著名な歴史の舞台であり、地域の代表的な優れた史跡として、田丸城跡は2017年4月に日本城郭協会の「続・日本百名城」に選ばれた。
田丸城は江戸時代の1619年、紀州徳川家の家老だった久野宗成が城主となり、以後、9代にわたって1869年まで久野家が統治した。
1928年には朝日新聞社の創始者で、今の玉城町出身の村山龍平(1850~1933)が、田丸町(現在の玉城町)が城跡を買い取れるように、当時の3万円を寄付したことでも知られる。
春の到来を予感させた2月上旬、玉城町教育委員会の学芸員・田中孝佳吉さん(30)に城跡を案内してもらった。

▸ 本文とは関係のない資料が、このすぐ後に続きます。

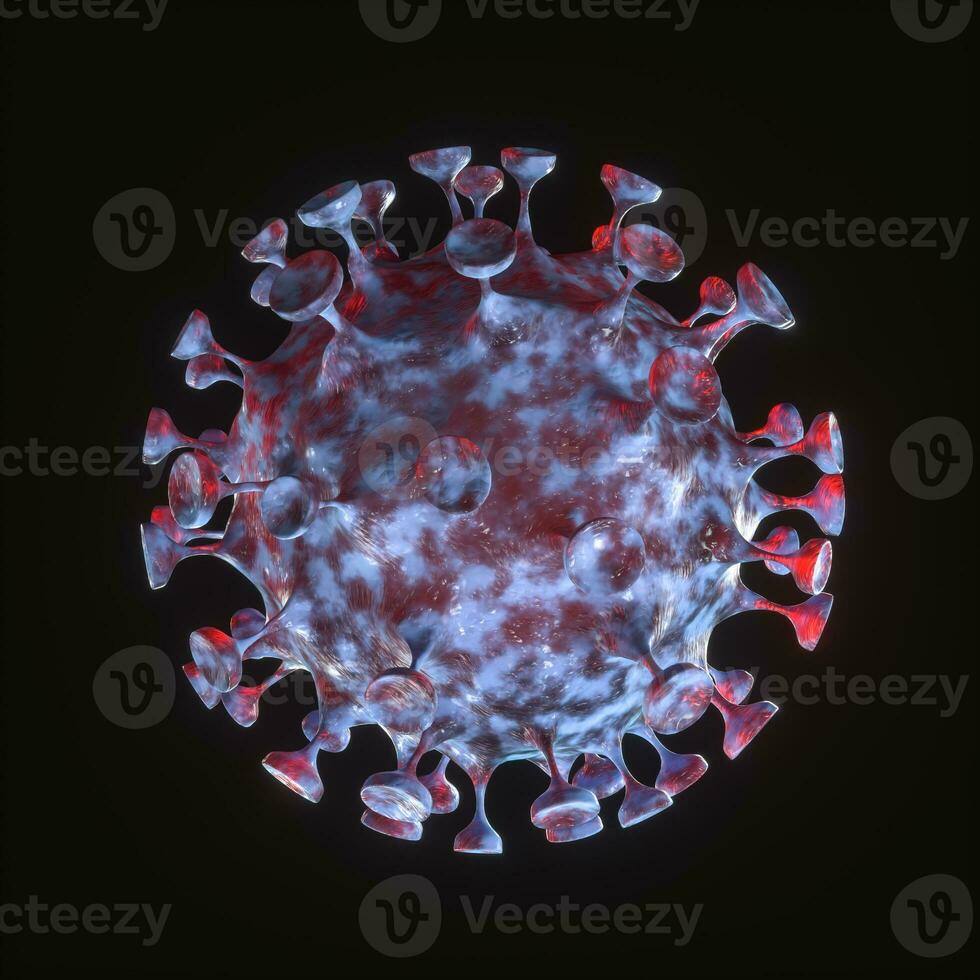 Dispersed corona viruses with dark background, 3d rendering photo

大手門があった場所には橋がかけられ、外堀の内側には玉城町役場。道なりに歩くと、一時期は民間の手に渡り、1984年に町が買い戻した富士見門が見えてくる。その先は二の丸の跡地に建てられた町立玉城中学校に突き当たり、真向かいには、大きさの異なる石を荒々しく積み上げる「穴太(あのう)積み」と呼ばれる石垣がそびえ立つ。